PROBLEM STATEMENT –
Using the data below, restate exactly every line from the one with "Karaman'da Koşu Yapılabilecek Yerler" up to and including the one with "王随,守了18年社区篮球场,我见过最动人的体育从来都不在领奖台 王随,守了18年社区篮球场,我见过最动人的体育从来都不在领奖台". No picture belongs in it.

DATASET ENTRIES –
************

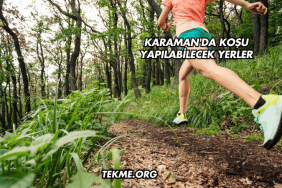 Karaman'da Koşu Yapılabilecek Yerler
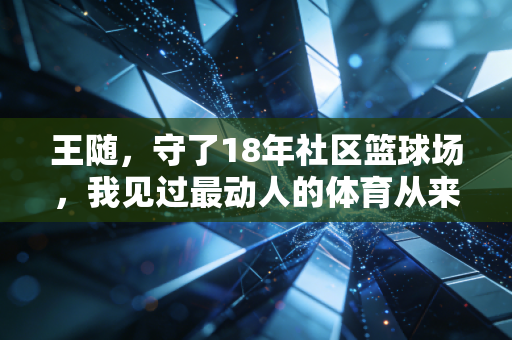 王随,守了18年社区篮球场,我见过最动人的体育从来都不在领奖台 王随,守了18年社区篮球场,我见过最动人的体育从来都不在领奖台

************

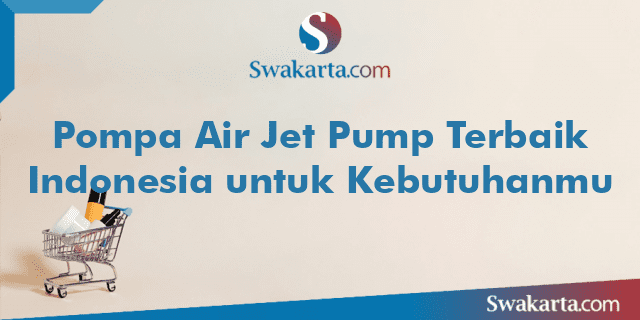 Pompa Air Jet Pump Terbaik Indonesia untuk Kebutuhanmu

************

SOLUTION FOR THIS EXERCISE –
 Karaman'da Koşu Yapılabilecek Yerler
 王随,守了18年社区篮球场,我见过最动人的体育从来都不在领奖台 王随,守了18年社区篮球场,我见过最动人的体育从来都不在领奖台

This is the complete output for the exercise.